That invisibility — the gap between the work she did and the credit the profession assigned her — is not incidental to her story. It is the story. Norma Merrick Sklarek spent four decades executing some of the most consequential architectural projects in the United States while the industry she served categorized her as “project architect” rather than “design architect,” a distinction that kept her name out of the publications, the awards, the history books, and the popular memory of American architecture. The buildings stood. She did not.

She was born on April 15, 1926, in Harlem, New York, the only child of Dr. Walter Ernest Merrick and Amy Merrick, both immigrants from Trinidad. Her father was a physician. Her mother was a seamstress. They had arrived in the United States as part of the first significant Caribbean immigration wave of the early twentieth century, in the year before her birth, carrying with them the conviction that education and professional achievement were the mechanisms of a better life. That conviction was transmitted to their daughter without ambiguity.

She grew up in Harlem and Brooklyn, attending predominantly white schools where, by her own account, teachers and fellow students regarded her as an inferior human being. She resolved, during those years, to prove them wrong. Her aptitude for mathematics and art was clear early. Her father — with whom she was close, who took her fishing and taught her carpentry and house painting — recognized the combination and suggested architecture. In the 1940s, suggesting that a Black girl from Harlem pursue architecture was not a modest ambition. It was an act of deliberate defiance against what the world had arranged for her.

Nineteen Rejections. One Exam. One Industry That Had No Idea What Was Coming.

She attended Barnard College for one year — the minimum liberal arts requirement for admission to Columbia University’s School of Architecture — and then enrolled at Columbia. The School of Architecture in the late 1940s was dominated by World War II veterans, many of them holding advanced degrees, who formed exclusive study groups among themselves and collaborated on assignments. Sklarek commuted to school. She studied alone, on the subway,y and at home. There were no study groups that included her. She described the environment plainly: “The competition was keen. But I had a stick-to-it attitude and never gave up.”

She graduated in 1950 with a Bachelor of Architecture — the first Black woman to earn an architecture degree from Columbia, one of only two women in her graduating class. She then applied to nineteen architectural firms in New York City. All nineteen rejected her. Her own account of what drove those rejections, delivered in 2004, was precise in its refusal to choose between the two explanations the industry offered: “They weren’t hiring women or African Americans, and I didn’t know which it was working against me.” The answer, of course, was both. But the industry preferred not to name either, and so Norma Merrick Sklarek — Columbia-trained, architecturally gifted, possessed of a degree the nineteen firms’ hiring partners could not dispute — accepted a civil service position as a junior draftsperson at the New York City Department of Public Works.
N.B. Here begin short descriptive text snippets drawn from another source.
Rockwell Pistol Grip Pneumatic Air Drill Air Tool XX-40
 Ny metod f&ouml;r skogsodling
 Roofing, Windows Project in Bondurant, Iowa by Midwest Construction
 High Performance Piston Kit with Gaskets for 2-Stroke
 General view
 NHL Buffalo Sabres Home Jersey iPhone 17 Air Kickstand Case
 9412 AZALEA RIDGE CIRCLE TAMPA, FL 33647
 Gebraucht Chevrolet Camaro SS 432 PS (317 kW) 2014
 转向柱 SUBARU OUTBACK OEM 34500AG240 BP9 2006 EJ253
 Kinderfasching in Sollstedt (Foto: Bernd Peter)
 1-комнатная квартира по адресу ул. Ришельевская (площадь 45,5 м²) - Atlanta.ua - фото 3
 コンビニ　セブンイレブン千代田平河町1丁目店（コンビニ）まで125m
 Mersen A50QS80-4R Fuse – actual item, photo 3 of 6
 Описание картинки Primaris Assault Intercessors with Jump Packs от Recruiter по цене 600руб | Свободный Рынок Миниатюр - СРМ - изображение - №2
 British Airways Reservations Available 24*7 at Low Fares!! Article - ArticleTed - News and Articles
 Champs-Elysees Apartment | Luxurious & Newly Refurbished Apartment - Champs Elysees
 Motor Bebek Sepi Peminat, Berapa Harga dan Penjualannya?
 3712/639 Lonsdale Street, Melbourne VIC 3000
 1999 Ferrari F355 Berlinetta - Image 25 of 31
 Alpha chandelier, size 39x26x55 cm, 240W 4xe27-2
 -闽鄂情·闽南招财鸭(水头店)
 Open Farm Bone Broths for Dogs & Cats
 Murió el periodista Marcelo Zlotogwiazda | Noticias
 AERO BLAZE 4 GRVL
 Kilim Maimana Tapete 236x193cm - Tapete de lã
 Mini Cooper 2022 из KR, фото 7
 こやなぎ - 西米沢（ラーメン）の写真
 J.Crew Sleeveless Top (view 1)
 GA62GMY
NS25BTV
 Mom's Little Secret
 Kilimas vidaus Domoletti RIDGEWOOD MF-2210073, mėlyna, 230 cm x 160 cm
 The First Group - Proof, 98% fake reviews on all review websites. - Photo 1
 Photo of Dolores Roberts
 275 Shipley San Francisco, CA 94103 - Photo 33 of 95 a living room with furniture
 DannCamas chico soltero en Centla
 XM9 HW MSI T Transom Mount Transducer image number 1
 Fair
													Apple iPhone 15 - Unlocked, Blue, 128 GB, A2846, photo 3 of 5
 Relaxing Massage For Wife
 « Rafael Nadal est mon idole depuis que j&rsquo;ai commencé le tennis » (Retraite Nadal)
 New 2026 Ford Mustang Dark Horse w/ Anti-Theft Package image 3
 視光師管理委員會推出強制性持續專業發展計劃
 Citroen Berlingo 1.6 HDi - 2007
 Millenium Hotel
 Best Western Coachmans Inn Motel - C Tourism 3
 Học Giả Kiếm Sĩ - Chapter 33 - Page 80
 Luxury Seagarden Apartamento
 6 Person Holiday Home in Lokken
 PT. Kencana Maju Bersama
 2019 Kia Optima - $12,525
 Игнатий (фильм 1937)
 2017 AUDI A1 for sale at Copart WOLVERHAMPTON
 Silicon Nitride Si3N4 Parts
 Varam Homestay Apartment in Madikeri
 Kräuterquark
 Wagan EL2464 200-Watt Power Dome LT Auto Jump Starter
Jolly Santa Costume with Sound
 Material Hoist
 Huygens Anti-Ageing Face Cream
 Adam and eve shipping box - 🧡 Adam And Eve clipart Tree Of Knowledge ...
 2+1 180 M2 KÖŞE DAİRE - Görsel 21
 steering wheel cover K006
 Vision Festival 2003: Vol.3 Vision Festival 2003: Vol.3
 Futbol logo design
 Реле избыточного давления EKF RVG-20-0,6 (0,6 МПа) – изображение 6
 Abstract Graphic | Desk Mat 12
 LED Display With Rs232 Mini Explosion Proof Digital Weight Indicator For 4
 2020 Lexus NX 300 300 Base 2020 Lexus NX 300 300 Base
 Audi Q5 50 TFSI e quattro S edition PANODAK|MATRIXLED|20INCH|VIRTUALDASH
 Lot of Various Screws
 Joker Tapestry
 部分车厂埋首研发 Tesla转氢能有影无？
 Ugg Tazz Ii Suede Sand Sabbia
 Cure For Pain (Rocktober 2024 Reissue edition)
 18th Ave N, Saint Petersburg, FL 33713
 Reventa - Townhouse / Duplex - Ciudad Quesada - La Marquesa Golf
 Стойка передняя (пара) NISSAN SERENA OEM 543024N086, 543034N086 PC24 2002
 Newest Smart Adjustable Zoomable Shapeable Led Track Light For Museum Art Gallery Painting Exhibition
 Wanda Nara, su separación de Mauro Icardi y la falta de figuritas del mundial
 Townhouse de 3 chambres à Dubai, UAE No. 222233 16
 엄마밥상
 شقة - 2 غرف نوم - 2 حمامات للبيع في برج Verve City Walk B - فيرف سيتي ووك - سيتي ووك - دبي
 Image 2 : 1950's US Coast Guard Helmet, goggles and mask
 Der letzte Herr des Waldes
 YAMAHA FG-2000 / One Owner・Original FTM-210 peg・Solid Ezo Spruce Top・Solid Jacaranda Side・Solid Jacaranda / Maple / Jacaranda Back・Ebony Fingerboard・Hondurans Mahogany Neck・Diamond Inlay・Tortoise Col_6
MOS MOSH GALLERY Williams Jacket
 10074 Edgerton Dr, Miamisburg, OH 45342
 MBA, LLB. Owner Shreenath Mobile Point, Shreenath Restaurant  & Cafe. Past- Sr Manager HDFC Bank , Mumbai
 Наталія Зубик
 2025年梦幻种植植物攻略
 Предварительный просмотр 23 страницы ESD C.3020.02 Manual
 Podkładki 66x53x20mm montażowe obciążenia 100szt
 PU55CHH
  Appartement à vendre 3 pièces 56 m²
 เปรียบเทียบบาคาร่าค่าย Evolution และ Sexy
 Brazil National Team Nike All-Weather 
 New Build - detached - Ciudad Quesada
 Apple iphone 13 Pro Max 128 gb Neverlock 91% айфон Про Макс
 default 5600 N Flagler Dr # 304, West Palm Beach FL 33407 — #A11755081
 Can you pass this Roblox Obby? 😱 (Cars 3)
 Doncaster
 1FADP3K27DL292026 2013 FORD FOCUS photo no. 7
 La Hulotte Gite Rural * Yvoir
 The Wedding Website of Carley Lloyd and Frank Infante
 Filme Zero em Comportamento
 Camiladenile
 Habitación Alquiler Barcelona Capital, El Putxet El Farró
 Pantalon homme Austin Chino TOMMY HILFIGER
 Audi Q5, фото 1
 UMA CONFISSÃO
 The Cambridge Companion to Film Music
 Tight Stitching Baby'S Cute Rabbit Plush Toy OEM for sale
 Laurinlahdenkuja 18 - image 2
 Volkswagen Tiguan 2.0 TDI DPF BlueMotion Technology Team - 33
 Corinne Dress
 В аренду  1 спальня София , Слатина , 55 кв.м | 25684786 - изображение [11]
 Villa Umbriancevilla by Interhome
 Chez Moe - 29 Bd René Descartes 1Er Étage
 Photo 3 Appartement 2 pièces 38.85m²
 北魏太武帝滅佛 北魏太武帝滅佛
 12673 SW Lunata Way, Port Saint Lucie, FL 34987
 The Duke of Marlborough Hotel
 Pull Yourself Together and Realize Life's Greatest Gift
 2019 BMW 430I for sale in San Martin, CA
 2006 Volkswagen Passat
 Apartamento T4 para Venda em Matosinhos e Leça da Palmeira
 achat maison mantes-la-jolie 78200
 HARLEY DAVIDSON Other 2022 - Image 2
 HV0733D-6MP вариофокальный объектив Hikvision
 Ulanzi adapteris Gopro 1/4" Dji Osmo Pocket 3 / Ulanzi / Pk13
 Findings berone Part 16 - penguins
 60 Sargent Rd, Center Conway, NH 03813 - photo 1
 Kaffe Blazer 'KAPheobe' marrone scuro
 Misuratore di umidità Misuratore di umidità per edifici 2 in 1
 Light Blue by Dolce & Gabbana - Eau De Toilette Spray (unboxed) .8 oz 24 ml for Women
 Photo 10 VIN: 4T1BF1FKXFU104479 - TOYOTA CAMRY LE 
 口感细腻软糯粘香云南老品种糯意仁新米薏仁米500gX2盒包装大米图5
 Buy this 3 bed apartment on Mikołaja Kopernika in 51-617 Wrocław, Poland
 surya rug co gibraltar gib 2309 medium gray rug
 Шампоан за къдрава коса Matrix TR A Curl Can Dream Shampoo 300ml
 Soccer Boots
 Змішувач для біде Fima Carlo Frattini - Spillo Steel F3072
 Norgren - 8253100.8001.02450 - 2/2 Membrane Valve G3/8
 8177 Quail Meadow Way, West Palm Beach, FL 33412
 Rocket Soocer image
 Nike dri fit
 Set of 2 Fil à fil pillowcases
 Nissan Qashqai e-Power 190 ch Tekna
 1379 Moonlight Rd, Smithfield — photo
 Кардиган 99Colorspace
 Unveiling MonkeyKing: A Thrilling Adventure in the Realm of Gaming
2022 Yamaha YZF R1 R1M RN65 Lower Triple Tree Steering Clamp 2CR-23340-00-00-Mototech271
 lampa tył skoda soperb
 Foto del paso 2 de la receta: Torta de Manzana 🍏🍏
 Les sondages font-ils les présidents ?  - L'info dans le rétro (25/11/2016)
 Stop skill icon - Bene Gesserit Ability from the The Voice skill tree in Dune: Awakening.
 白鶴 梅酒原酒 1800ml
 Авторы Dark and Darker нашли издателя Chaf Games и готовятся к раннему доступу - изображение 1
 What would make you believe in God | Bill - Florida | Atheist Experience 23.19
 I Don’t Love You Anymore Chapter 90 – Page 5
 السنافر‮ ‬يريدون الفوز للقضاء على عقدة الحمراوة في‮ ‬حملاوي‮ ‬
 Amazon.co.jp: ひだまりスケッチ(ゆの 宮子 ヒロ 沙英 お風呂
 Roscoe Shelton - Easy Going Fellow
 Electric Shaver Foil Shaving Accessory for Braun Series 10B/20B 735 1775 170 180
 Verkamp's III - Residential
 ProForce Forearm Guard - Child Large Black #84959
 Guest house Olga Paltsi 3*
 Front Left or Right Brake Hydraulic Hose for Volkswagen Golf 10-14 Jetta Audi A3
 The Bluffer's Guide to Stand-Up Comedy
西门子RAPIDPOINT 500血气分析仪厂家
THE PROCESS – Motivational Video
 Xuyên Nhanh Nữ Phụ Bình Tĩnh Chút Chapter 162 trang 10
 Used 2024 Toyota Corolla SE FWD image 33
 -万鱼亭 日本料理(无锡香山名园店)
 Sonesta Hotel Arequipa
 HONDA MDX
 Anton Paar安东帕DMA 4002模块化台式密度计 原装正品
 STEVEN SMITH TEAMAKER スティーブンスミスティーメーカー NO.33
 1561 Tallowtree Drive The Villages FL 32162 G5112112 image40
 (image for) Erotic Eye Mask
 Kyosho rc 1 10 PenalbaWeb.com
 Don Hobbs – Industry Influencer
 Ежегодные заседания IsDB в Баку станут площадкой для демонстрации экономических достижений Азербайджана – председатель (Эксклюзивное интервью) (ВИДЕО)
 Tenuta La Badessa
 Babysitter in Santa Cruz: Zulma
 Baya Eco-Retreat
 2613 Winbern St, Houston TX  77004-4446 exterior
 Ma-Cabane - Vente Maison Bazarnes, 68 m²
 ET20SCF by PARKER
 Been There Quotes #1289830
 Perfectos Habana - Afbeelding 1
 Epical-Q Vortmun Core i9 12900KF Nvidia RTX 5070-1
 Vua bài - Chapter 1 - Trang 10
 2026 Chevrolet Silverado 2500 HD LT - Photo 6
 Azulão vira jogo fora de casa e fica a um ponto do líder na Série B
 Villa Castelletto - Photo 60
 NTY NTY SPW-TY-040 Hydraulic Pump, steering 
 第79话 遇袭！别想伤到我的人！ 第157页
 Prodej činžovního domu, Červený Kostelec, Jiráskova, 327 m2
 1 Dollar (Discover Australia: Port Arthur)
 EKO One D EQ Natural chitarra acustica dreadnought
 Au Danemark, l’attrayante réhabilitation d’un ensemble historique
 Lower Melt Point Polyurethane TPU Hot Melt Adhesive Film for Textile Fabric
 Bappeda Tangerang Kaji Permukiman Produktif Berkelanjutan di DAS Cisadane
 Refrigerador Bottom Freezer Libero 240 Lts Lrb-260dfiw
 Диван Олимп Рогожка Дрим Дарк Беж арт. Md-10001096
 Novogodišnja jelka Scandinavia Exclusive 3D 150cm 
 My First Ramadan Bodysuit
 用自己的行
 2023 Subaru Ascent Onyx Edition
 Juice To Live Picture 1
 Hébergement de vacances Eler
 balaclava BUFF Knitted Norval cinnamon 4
She stayed four years. She was dissatisfied from the start. In 1954, she sat for the New York State architecture licensure examination — a grueling four-day ordeal that separated licensed architects from everyone else in the profession. She passed on her first try. She became the first Black woman to hold an architecture license in the state of New York. Within a year, armed with a license that made her institutional credentials undeniable, she applied again to the private firms. This time, me Skidmore, Owings & Merrill — one of the most prominent architectural practices in the country — hired her. It did so despite a deliberately negative reference from her supervisor at the Department of Public Works, whose motivation she identified without hesitation: “It had to be personal. He was not a licensed architect, and I was a young kid — I looked like a teenager — and I was black and a licensed architect.”

At SOM, she received real responsibility for large-scale projects. She was, simultaneously, a single mother of two sons, working with her mother serving as primary childcare, and teaching evening architecture courses at New York City Community College. She did all of this without apparent complaint because complaint, in her framework, was not the instrument. The work was the instrument. In 1959, she became the first Black woman member of the American Institute of Architects. In 1960, she accepted the position of first female vice president at Gruen Associates in Los Angeles. In 1962, she became the first Black woman licensed as an architect in the state of California. She was building the record of a woman who was, by any professional measure, at the top of her field. The field did not always acknowledge it.

The Credit Problem. And What It Tells You About How Architecture Actually Works.

In 1975, Norma Merrick Sklarek wrote a letter to the vice chancellor at UCLA, where she was serving on the architecture faculty. The letter contains one of the most precise and quietly devastating sentences in the documentary record of Black professional life in twentieth-century America. She wrote: “As far as I know, I am the first and only Black woman architect licensed in California. I am not proud to be a unique statistic, but embarrassed by our system, em which has caused my dubious distinction.”

That sentence was not bitter. It was analytical. She was not cataloguing her suffering. She was naming a structural condition and locating the responsibility for it correctly: not in her own inadequacy, not in some natural order of things, but in a system that had produced an outcome it ought to have been embarrassed by. She had been a licensed California architect for thirteen years when she wrote that letter. She had been at Gruen Associates for fifteen years, rising to Director of Architecture, responsible for hiring and supervising staff architects and coordinating technical aspects of major projects. And she was still, as far as she knew, the only one.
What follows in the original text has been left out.